Laptop Lifted From Data Provider’s Office

Tack on another case in what seems to be an epidemic of laptop thefts and losses: Wolters Kluwer, a Dutch business information publisher, earlier this month informed U.S. employees that a laptop with data on 8,500 current and former workers was stolen from a payroll department office over Memorial Day weekend.

In a letter to employees dated July 11, Mark Sherman, chief human-resources officer of Wolters Kluwer in North America, said the company discovered on May 29 that a laptop and docking station had been taken from a locked, private office in Torrance, Calif., a suburb of Los Angeles.

The PC contained “personal employee information”–including addresses, Social Security numbers, and some health plan and premium information–for Wolters Kluwer’s approximately 8,000 North America employees, as well as about 500 employees who have recently left the company.
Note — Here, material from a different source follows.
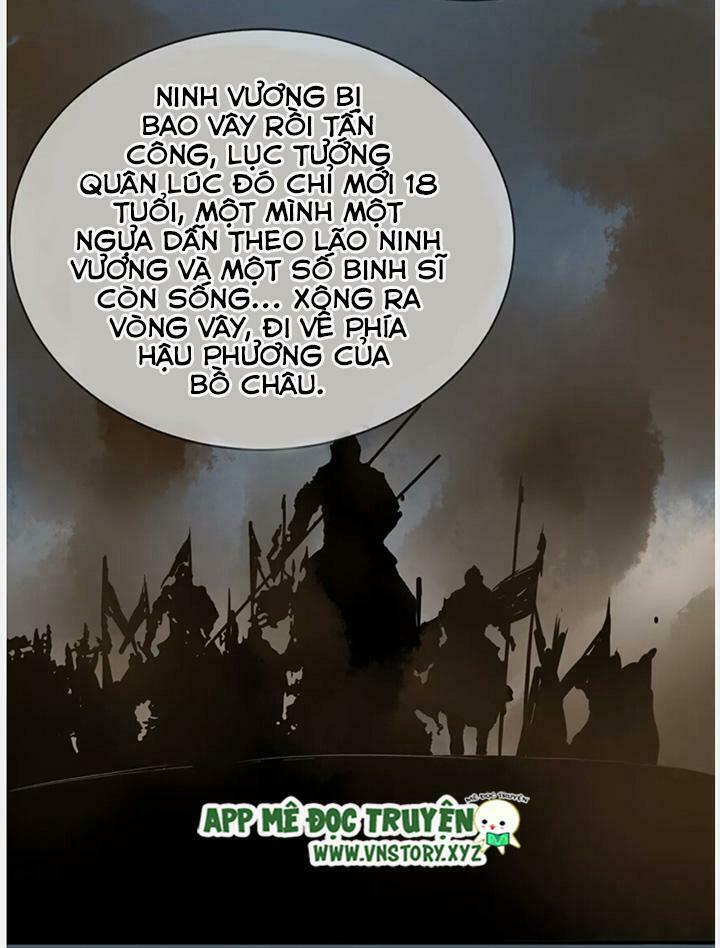 Công Chúa Giá Đáo chapter 37 - Trang 13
Wolters Kluwer has about 18,500 employees worldwide.

In addition, the letter said the laptop may have included bank account information for 600 employees who joined the company since Jan. 1.
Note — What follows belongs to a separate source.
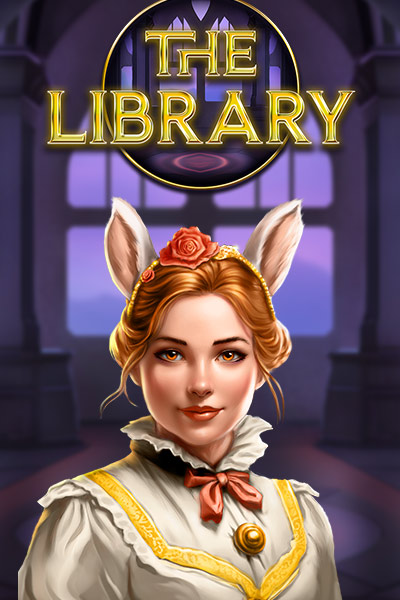 The Library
Wolters Kluwer, whose North American headquarters is in Riverwoods, Ill., says it “promptly notified” law enforcement officials and says it has no evidence that any of the information has been accessed or used by unauthorized parties. Still, it has offered employees access to identity-protection services from Equifax, a credit reporting bureau.

Wolters Kluwer spokesman Kevin Class says the company waited until July to send letters to employees about the incident because “given the serious nature of the incident and the large number of people across the United States potentially affected, we needed to ensure that we were thorough in our research, planning and actions.”
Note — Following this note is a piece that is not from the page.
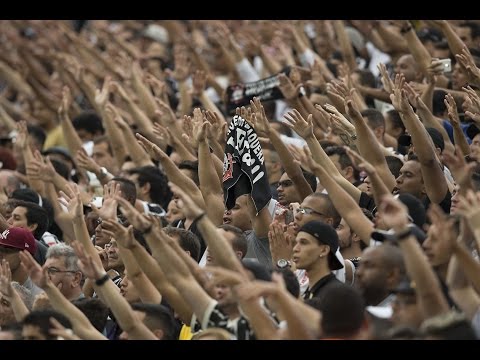 Antes do clssico, torcida d opinio e aposta em Romero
Class says Wolters Kluwer has “increased physical, administrative and technical protections for private information–including the encryption of such data on payroll department laptop computers.” He also notes that the laptop theft did not involve any customer information.

Wolters Kluwer, which had $4 billion (3.4 billion euros) in revenue last year, sells information on health, financial services, taxes, accounting, laws, regulations and education worldwide.

The incident comes after several other recent reports of stolen laptops:

  • In May, a U.S. Department of Veterans Affairs employee’s laptop–with personal information for more than 26 million veterans and their dependents, plus 2.2 million active-duty military members–was stolen from the employee’s home (see What You Can Learn From the VA’s Snafu).
  • In June, the Federal Trade Commission, the agency responsible for enforcing privacy laws, said that a laptop with unencrypted private data on 110 people was stolen from a car used by its attorneys (see Security: Don’t Spring a Data Leak).
  • In March, Fidelity Investments said a laptop with personal information on almost 200,000 Hewlett-Packard employees was stolen (see Stolen Fidelity Laptop Exposes HP Workers).